== Exercise details ==
An exact reproduction of the records is required, with all images left out.

====== Data provided

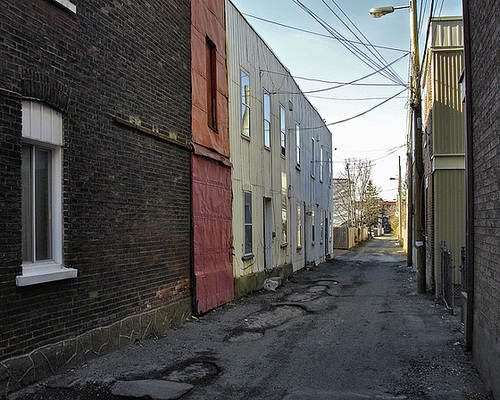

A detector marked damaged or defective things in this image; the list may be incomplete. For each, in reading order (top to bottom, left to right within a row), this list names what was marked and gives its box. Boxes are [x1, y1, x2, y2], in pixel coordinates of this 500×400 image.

rusty metal panel [192, 155, 233, 314]
pothole in asphalt [160, 360, 221, 384]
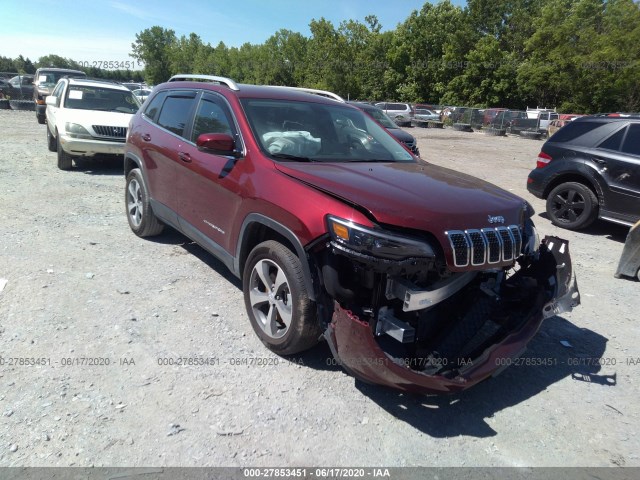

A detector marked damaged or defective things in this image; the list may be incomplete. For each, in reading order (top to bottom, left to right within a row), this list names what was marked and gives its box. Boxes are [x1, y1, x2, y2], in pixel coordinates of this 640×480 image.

crumpled hood [276, 161, 524, 232]
headlight assembly detached [330, 216, 436, 260]
damaged front end [320, 218, 580, 394]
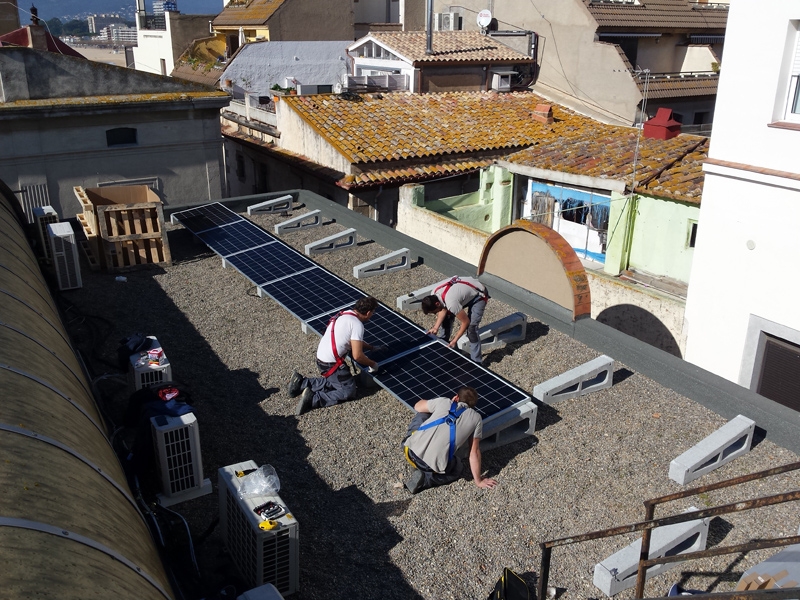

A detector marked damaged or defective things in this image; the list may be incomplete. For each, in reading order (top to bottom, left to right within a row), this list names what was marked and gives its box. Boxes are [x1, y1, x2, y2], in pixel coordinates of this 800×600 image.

rusty metal ladder [536, 462, 800, 596]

============

== Solution below ==
A detector marked damaged or defective things in this image; the list may be incomplete. For each, in reading order (top to bottom, left to right within a row), this list names what was marked and gives its box. Boxes are [x1, y1, x2, y2], in pixel coordinates of this 500×400 image.

rusty metal panel [192, 155, 233, 314]
pothole in asphalt [160, 360, 221, 384]

A detector marked damaged or defective things in this image; the list may be incomplete. For each, in reading order (top to bottom, left to right within a row), this list names what was marked and gives its box. Boxes are [x1, y1, x2, y2], in pixel coordinates of this 640×480 image.

crumpled hood [276, 161, 524, 232]
headlight assembly detached [330, 216, 436, 260]
damaged front end [320, 218, 580, 394]

A detector marked damaged or defective things in this image; the list may be incomplete. For each, in reading order (top to bottom, left to right within a row), this list names what was marked and gives its box. Boxes are [x1, y1, x2, y2], in pixel coordinates of this 800×600 image.

rusty metal ladder [536, 462, 800, 596]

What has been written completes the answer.